TASK TO CARRY OUT
Without changing a word, return the listing below, minus its images.

═══ DATA BELOW ═══

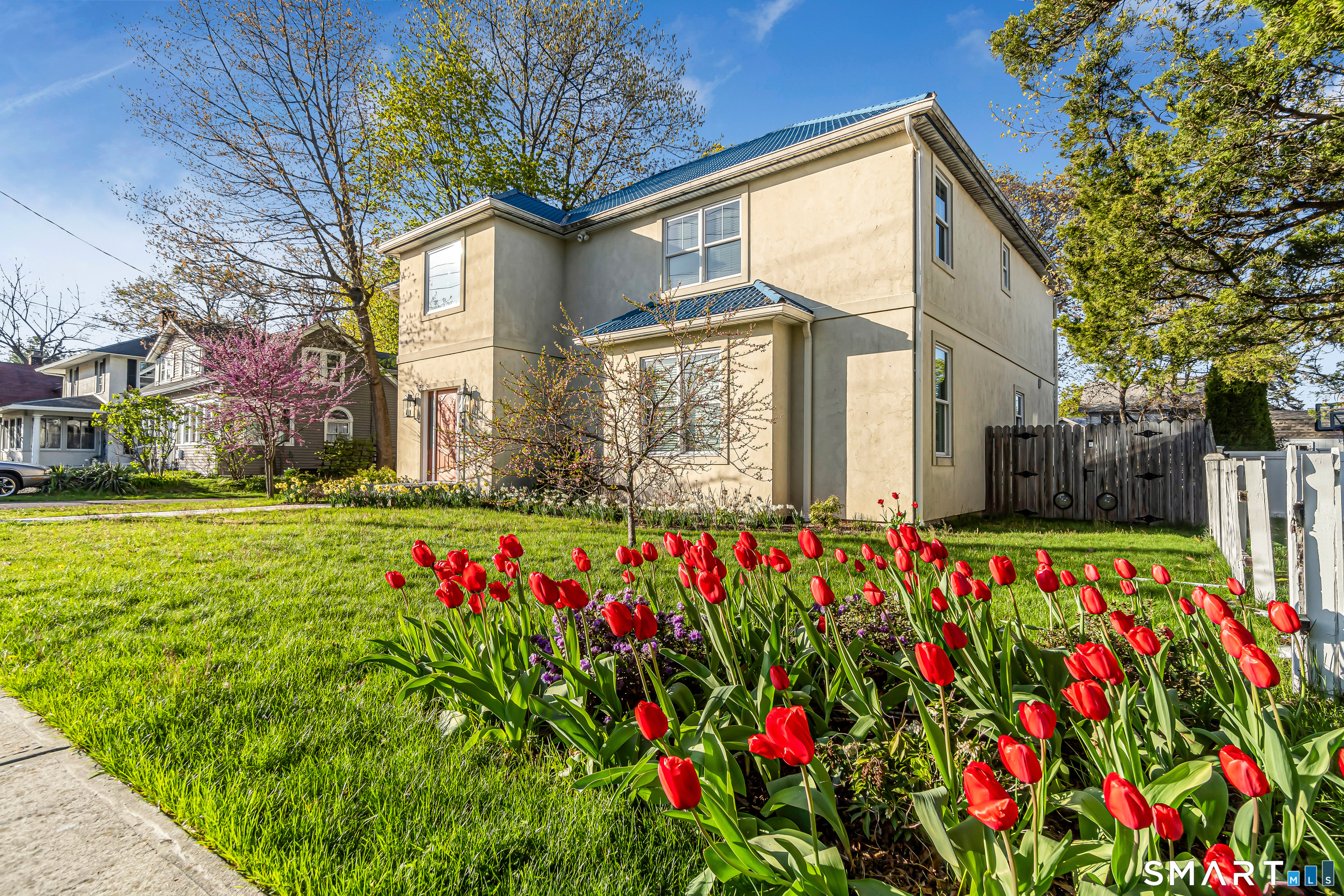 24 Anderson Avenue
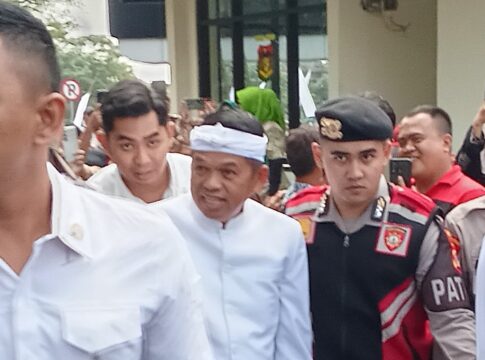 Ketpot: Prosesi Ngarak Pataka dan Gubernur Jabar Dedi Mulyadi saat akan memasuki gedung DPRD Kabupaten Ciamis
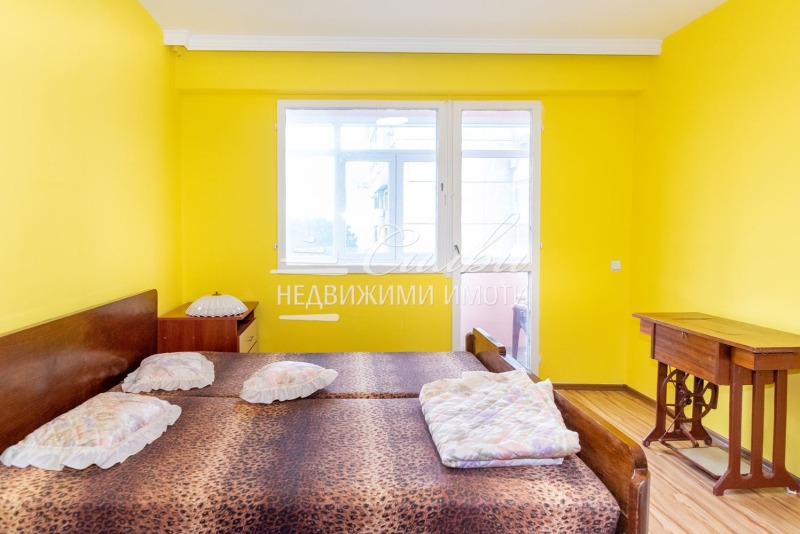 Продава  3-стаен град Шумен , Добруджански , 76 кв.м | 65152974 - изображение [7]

═══

RESPONSE AREA
 24 Anderson Avenue
 Ketpot: Prosesi Ngarak Pataka dan Gubernur Jabar Dedi Mulyadi saat akan memasuki gedung DPRD Kabupaten Ciamis
 Продава  3-стаен град Шумен , Добруджански , 76 кв.м | 65152974 - изображение [7]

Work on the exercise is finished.